A fundamental assumption behind the dominant view of QRPs is that they are widespread. Martinson and colleagues [8] reported that 33% of their respondents admitted to having engaged in at least one of ten QRP-related behaviours within the last three years, compared to slightly under 2% who admitted outright misconduct. The extent of QRPs worried the authors, and they even suggested that the prevalence could be underestimated due to the nature of self-reporting. Several survey-based studies of QRPs have targeted specific populations of medical, social or behavioural researchers. The studies can be divided into two groups. The first is a heterogeneous group of studies using a wide range of items and scales examining misconduct and various types of QRPs [e.g., 8, 12, 4459]. The findings from these studies are often difficult to compare, but authors generally express their concern about surprisingly many of their respondents who acknowledge questionable or unacceptable behaviours. Despite seemingly incommensurate results, an early meta-analytic attempt claimed prevalence at 34% [60], and recently, a similar meta-study claimed a pooled prevalence estimate of 12.5% [61]. In both studies, prevalence refers to respondents who admit to using at least one QRP.

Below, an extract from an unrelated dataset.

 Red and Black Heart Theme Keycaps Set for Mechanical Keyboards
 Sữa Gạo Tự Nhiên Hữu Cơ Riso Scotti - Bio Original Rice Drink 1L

The second group of studies include more recent and comparable surveys that employ a more homogenous but also a more restricted set of QRP items examining undisclosed manipulative practices used for chasing statistically significant results [13, 6270]. The earliest and most cited of these studies [65] selected what has since become a canonical set of nine QRPs and surveyed US psychologists, asking them to self-report whether they had ever engaged in each of these practices. Ninety-four per cent admitted that they had used at least one of these QRPs, and the mean self-reported rate across all QRP items was 42%, with rates for the individual QRPs ranging from 17% to 57%. Based on these findings, the authors [65] claimed evidence for the widespread use of QRPs and suggested that some practices might even constitute the prevailing research norm. Together with [6], this report [65] has shaped the current dominating perception of QRPs as consisting mainly of manipulative statistical practices. Importantly, the study has also become the often cited evidence for the popular belief of widespread use of QRPs in general and their influential role in the so-called reproducibility crisis in particular [5]. Subsequent studies have adopted the same approach as in [65] with few adjustments and find self-reported rates between 22% and 42%, and rates for the comparable individual QRP items varying between 9 and 64% [e.g., 13, 62–64, 66–68, 70, 71].

Measurement challenges

Several challenges have been raised against such findings. Most pronounced are differences in the recall period for when the practice may have occurred [60, 63]. Furthermore, there seem to be considerable conceptual ambiguities which influence the discussion of prevalence. Fiedler and Schwarz [63] argue that prevalence cannot be inferred from the proportion of respondents who admit using such practices at least once during their academic career. Instead, use and prevalence are two distinct quantities with different implications. Fiedler and Schwarz contend [63] that a proper estimate of QRP prevalence needs to multiply the proportion of respondents admitting use by the self-reported rate of repeated practice over time. They argue that such an approach produces considerably lower estimates and that prevalence, when conflated with ‘having done this at least once’, perpetuates inflated and overestimated prevalence rates, leading to the highly pessimistic claims about widespread and likely normative use of QRPs [64]. Despite this critique of the dominating approach, only one recent study seems to have used this amended conception of prevalence [71]. A few studies have reported repetition rates for those who admit use based on categorical Likert scales [13], self-reported percentage estimates [70], or, most recently, prevalence based on the percentage of QRPs having a Likert score at the highest end of the 7-point scale [58].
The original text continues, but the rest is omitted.